LGBTQ+ discrimination involves treating someone unfavorably because of that person’s sexual orientation or gender identity, including transgender status.
Title VII of the Civil Rights Act protects LGBTQ+ employees from workplace discrimination including hiring, firing, pay, job assignments, promotions, layoffs, training, and benefits.
The Equal Employment Opportunity Commission (EEOC), the federal agency in charge of enforcing Title VII, has interpreted the law as specifically prohibiting employers from the following:
1. Segregating employees based on actual or perceived customer preferences. For example, an employer cannot remove an LGBTQ+ employee from working with a customer solely because a customer requests to work with a non-LGBTQ+ employee.
2. Denying a transgender person from dressing consistent with that person’s gender identity.

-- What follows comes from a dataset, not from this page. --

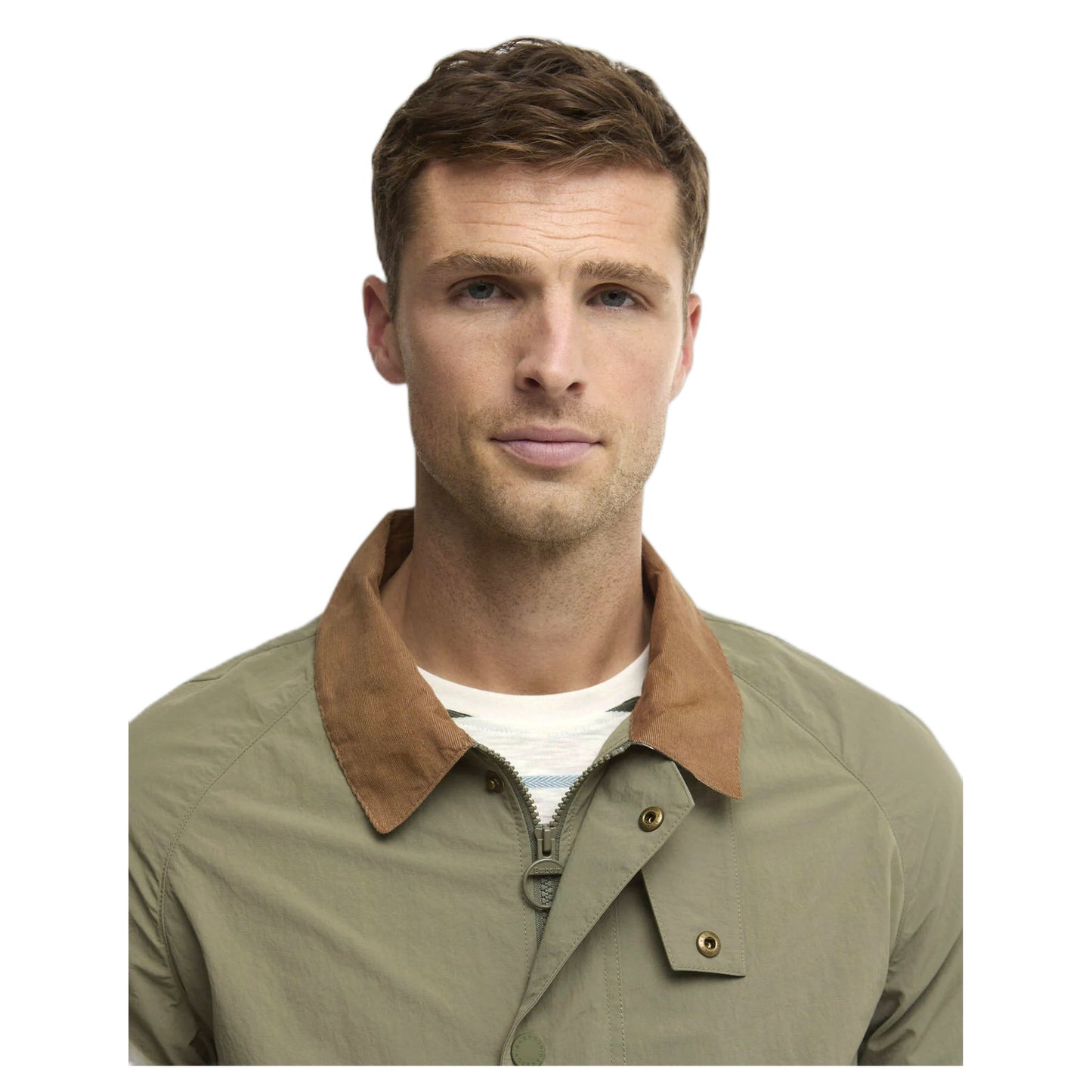 Giacca Barbour Tracker Showerproof Jacket - Dusty Olive - Giacche di Barbour | Francis Concept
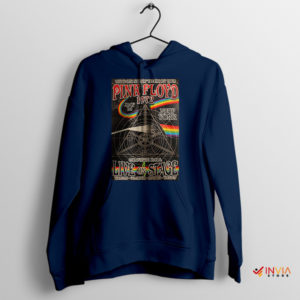 Merch Dark Side of the Moon Tour 1972 Navy Hoodie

3. Denying a transgender person equal access to a bathroom, locker room or shower that corresponds to the employee’s gender identity. For example, if an employer has separate bathrooms for men and women, the employer must allow all men (including transgender men) to use the men’s facilities and all women (including transgender women) to use the women’s facilities.
Title VII also protects LGBTQ+ employees from harassment in the workplace. Harassment can include offensive or derogatory remarks about a person’s sexual orientation, transgender status, or gender transition. Accidental misuse of a transgender employee’s preferred name or pronouns does not violate Title VII. However, if a party intentionally and repeatedly uses the wrong name and pronoun, this could amount to a hostile work environment.
Minor teasing, offhand comments or isolated incidents that are not frequent or serious may not be considered harassment. Alternatively, if the conduct is so severe or pervasive, a hostile work environment arises, and an employer must take reasonable steps to stop the offending conduct.